Franklin, Pennsylvania, the county seat of Venango County, holds an important place in American history. An early frontier village of commerce and location of fortifications from the English, the French, and eventually Americans, the city itself had become established long before the oil boom of the second half of the 19th Century boosted its population. Although Franklin was located at the confluence of the Allegheny River and French Creek, a reliable fresh water source was needed for the citizens. Work on a reservoir for this purpose began in July of 1885, when a crew of around 100 men, mostly Hungarian and Polish immigrants, were transported to Franklin from Erie. Upon their arrival at the site to begin work, the men were told that they would be paid $1 a day for their labor. Claiming that they were offered at least $1.50 per day, the men walked off. Within several days, replacements were found, and the project began.
The entire breastwork of the dam is lined with brick, as is evidenced by the abundance of loose brick still to be found on the site. Local residents say that the clay for the bricks was acquired from a lot along Congress Hill Road, at the top of Bully Hill, over two ridges to the southwest. As the clay was quarried from the lot, the resulting depression filled with spring water, and a picturesque pond was formed. This pond is still known by locals as the Clay Pond, and was a popular ice skating pond throughout the 1960s and ’70s. The cut stone that forms the upper check dam was apparently quarried from the hilltop to the southeast. Following existing trails, one can still see the switchback mule trail coming down the hill toward the dam, where it is said the teams carried the stone to the site.

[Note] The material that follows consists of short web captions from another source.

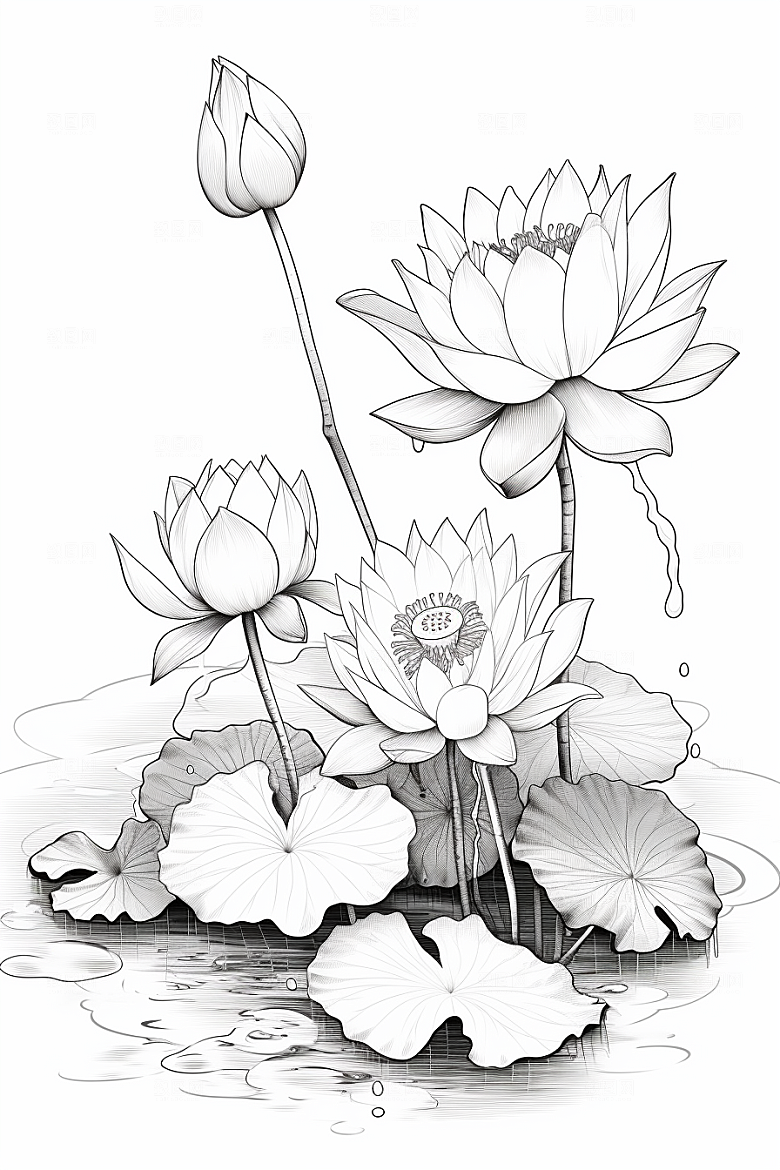 素描荷花池塘锦鲤戏水写实插画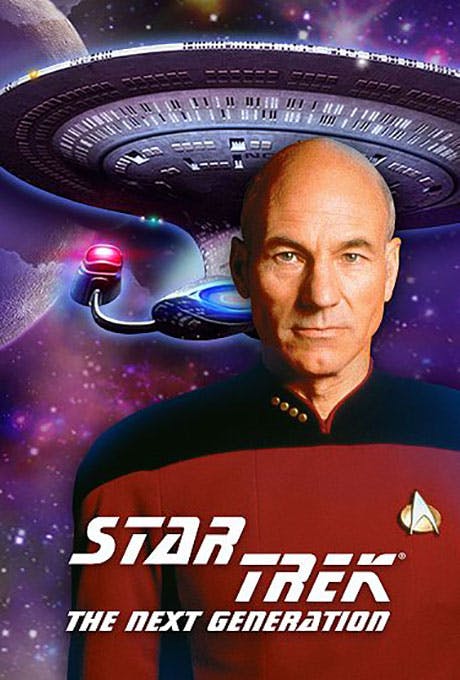 168澳洲幸运8官网开奖: The Next Generation Key Art, featuring Captain Jean-Luc Picard in the front with the Enterprise-D in the background.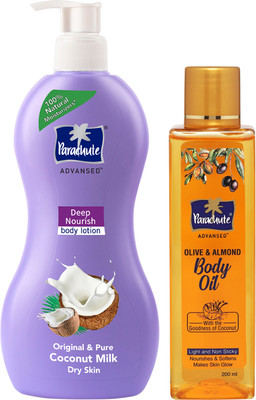 Parachute Advansed Body Lotion Deep Nourish And Olive & Almond Body Oil For Nourished Glowing Skin (600 Ml) For Rs. 260 @ 50 %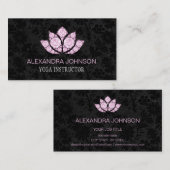 バラ金ゴールド – ピンクロータスフラワーヨガインストラクター 名刺 (正面/裏面)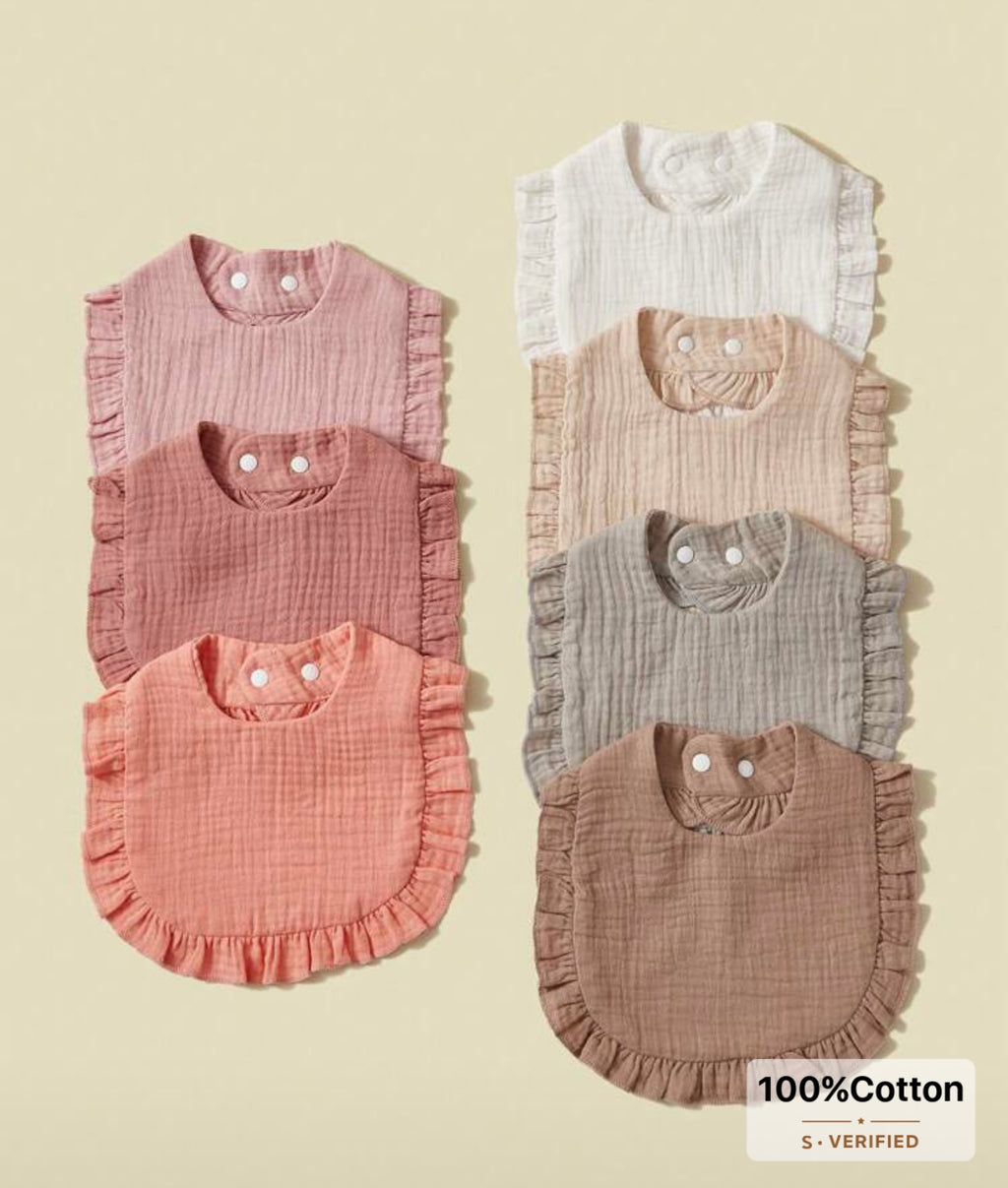 Personalized Baby Bib – 100% Cotton Muslin | Custom Embroidered Name Bib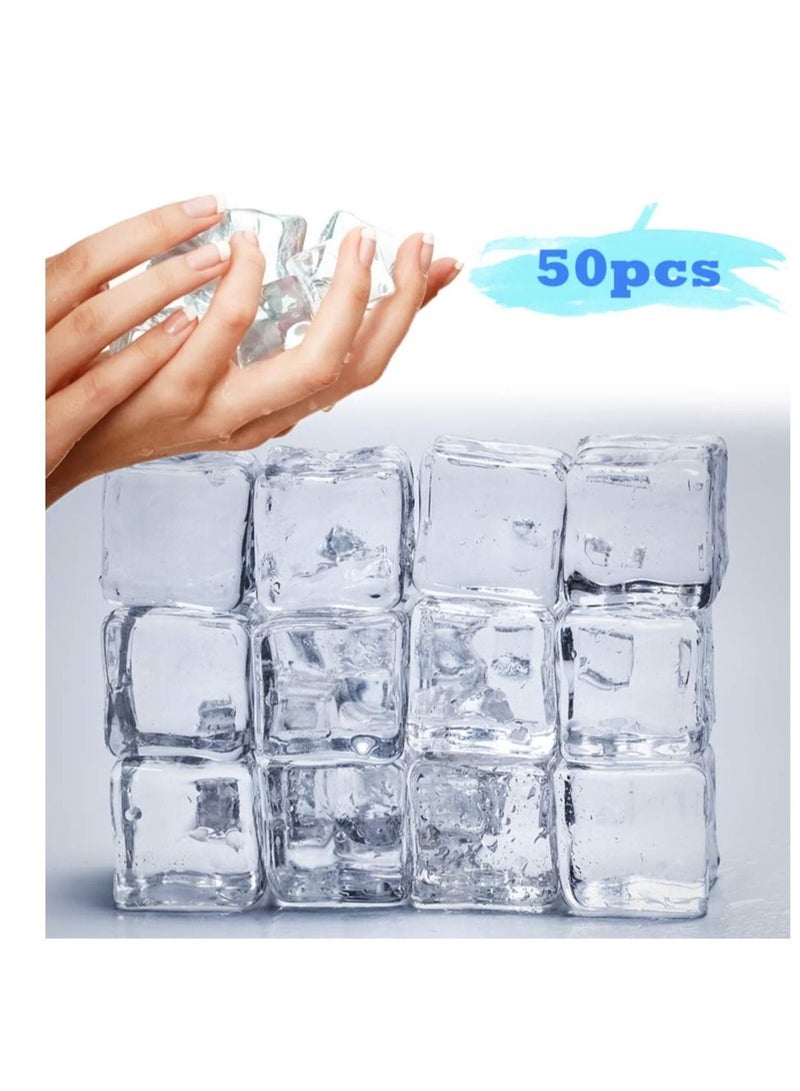 Y&D 100 قطعة 20 مم مكعبات ثلج بلاستيكية قابلة لإعادة الاستخدام، مكعبات أكريليك شفافة وهمية، مكعبات كريستال مربعة صناعية لدعائم التصوير الفوتوغرافي لتزيين المنزل وحشو مزهرية مركزية للزفاف - Image 3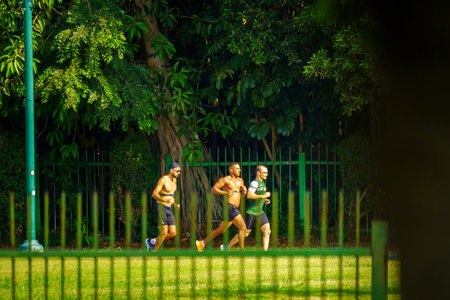 Tel-Aviv, Israel - June 17, 2022: View of joggers, in the Yarkon Park, Tel-Aviv, Israelのeditorial素材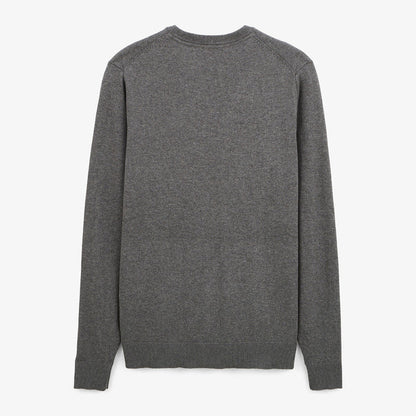 Pull col rond uni majorité coton gris SERGE BLANCO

The reservoir was built and maintained by the Venango Water Company, under charter of the city. Franklin City Council had voted to purchase the Venango Water Company facilities in 1884 for $40,000, but did not make the purchase until 1908, following an outbreak of typhoid fever which was blamed on the impurity of the water. By the time the sale was made, the price had climbed to $276,840.97. The reservoir was eventually abandoned when the new plant at Barretts Flats along French Creek was built by the city in 1929.
The reservoir currently holds almost no water, and one end of the main dam has been breached.